Objective To assess the predictive value of three scoring systems, namely the American Society of Anesthesiologists (ASA) classification, the Clinical Frailty Scale (CFS), and the Nottingham Hip Fracture Score (NHFS), in predicting mortality among patients with hip fractures. Materials and methods This retrospective cohort study included 628 participants aged 60 years and above who sought treatment at a UK hospital between January 2018 and December 2018. Data on age, gender, mortality, and assessment scores were collected. The area under the curve was calculated for each receiver operator characteristic (ROC). Cross-tabulation was performed to examine the association between various assessment scores and mortality using the chi-square test. Results The mean age was 80.80±11.18 years. Females were 408 (64.97%). Higher CFS (p<0.001) and NHFS (p<0.001) scores were significantly associated with mortality, while the ASA score did not show a significant association (p=0.225). The calculated area under the curve (AUC) values were as follows: 0.71 (95% CI: 0.65 to 0.76) for CFS, 0.46 (95% CI: 0.39 to 0.53) for NHFS, and 0.41 (95% CI: 0.34 to 0.48) for the ASA score. Utilizing a cut-off of ≥6 for CFS, 57 individuals (98.3%) in the 30-day mortality group were correctly identified. Similarly, the ROC analysis determined a ≥5 cut-off for NHFS accurately predicting 50 patients (86.2%) who deceased within 30 days. Applying an ASA ≥3 cut-off resulted in a predictive mortality rate of 56 (96.6%). The NHFS score demonstrated the highest predictive capability for mortality, with patients scoring ≥5 having a significantly higher risk of mortality compared to those with a score <5. Conclusion This study showed robust correlations between high CFS (≥6) and NHFS (≥5), and mortality within the hip fracture patient cohort.

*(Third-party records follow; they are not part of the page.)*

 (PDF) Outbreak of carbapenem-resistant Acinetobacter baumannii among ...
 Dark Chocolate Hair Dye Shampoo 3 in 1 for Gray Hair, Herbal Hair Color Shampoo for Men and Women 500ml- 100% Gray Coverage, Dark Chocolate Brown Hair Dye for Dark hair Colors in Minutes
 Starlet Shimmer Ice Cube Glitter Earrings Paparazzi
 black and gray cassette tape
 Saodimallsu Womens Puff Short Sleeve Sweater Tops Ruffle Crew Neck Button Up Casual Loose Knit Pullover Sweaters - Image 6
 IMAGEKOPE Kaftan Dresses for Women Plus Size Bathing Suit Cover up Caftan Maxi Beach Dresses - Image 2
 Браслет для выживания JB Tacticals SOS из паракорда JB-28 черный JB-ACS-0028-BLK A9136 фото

目的 评估美国麻醉医师协会(ASA)分级、临床衰弱量表(CFS)和诺丁汉髋部骨折评分(NHFS)这三种评分系统在预测髋部骨折患者死亡率方面的价值。材料与方法 这项回顾性队列研究纳入了2018年1月至2018年12月期间在英国一家医院寻求治疗的628名60岁及以上的参与者。收集了年龄、性别、死亡率和评估分数的数据。计算每个受试者工作特征(ROC)曲线下的面积。使用卡方检验进行交叉制表,以检验各种评估分数与死亡率之间的关联。结果 平均年龄为80.80±11.18岁。女性有408名(64.97%)。较高的CFS评分(p<0.001)和NHFS评分(p<0.001)与死亡率显著相关,而ASA评分未显示出显著关联(p=0.225)。计算得到的曲线下面积(AUC)值如下:CFS为0.71(95%CI:0.65至0.76),NHFS为0.46(95%CI:0.39至0.53),ASA评分为0.41(95%CI:0.34至0.48)。对于CFS,采用≥6的截断值,30天死亡率组中的57名个体(98.3%)被正确识别。同样,ROC分析确定NHFS≥5的截断值能准确预测30天内死亡的50名患者(86.2%)。应用ASA≥3的截断值导致预测死亡率为56(96.6%)。NHFS评分对死亡率的预测能力最高,评分≥5的患者与评分<5的患者相比,死亡风险显著更高。结论 本研究表明,在髋部骨折患者队列中,高CFS(≥6)和NHFS(≥5)与死亡率之间存在密切关联。